Telefónica signaled that it will continue to invest heavily in coming years, laying fiber-optic cables in the ground, building out its pay-television platform and upgrading its cellphone networks. Capital expenditures will reach 17% of sales in the coming two years, roughly the same as in 2014, before easing back to 15% of sales from 2017.

Being able to offer eye-catching and exclusive television content has become a priority in Telefónica's push to lure in customers. In one showing of this thirst for content, the company earlier this month acquired the world-wide rights to broadcast soccer games played by Barcelona FC. In exchange for a payment of EUR140 million and a sponsorship deal for another EUR40 million, Telefónica will control the signal for games played by one of the world's most popular soccer clubs for the coming two years.

In Spain, Telefónica said the number of subscribers to its pay-TV product had almost tripled, to 1.9 million. The TV offering could be significantly strengthened in the coming months when Telefónica closes the acquisition of Digital+, the country's leading pay-TV platform. Mr. Alierta, the chairman, said Wednesday that this deal may get antitrust approval within two months.

A bigger battle for pay-TV customers is brewing in Latin America, a region with low penetration of such services. There, Time Warner Cable has been a big player for years, and AT&T last year gained access to 18 million Latin American customers when it bought DirecTV. América Móvil SAB de CV, owned by Mexican billionaire Carlos Slim, has also said it wants to expand its reach.

"Our goal is to become the biggest provider of pay-television in Spanish, " Mr. Alierta said during a news conference. "It's a historic opportunity, and we're not going to let it go to waste," he said.

Like rivals, Telefónica is seeing a jump in mobile data traffic, up 64% on the year, as more customers switched to smartphones. The company is looking for ways to cash in on higher data consumption. A third of subscribers use more data than they have subscribed to, leaving room for Telefónica to upgrade users to bigger and more expensive data packages in coming years.

In Spain, where Telefónica lost millions of customers during crisis years to cheaper rivals, the company is drawing new customers and retaining existing ones by bundling together high-speed Internet, television, fixed-line phone services and mobile coverage in a single product. After more than five years of falling sales, a modest economic rebound in Spain is helping sales stabilize, and Mr. Alierta said he expects revenues to start growing again in 2015.

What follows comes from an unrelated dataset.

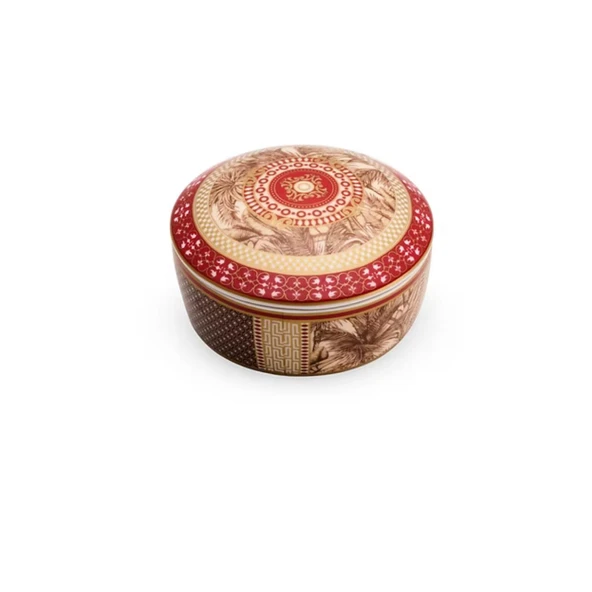 Pozzi Milano Living Porselen Kapaklı Kutu 10 x 5,5 cm ürün görseli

In Brazil, Telefónica expects to close the multibillion-dollar acquisition of GVT in the first half of the year, executives said during a conference call Wednesday. The deal will boost Telefónica's position as the leading operator in the country. Revenue and margins from Latin America's largest economy fell in the quarter, while the number of customers rose.

In Germany, the restructuring costs associated with the takeover of E-Plus led Telefónica to a quarterly loss, which it expects to compensate for by considerable cost savings in coming years. Telefónica said it had 47.7 million users in the country. Fourth-quarter revenue at its German unit jumped 62% thanks to the addition of E-Plus.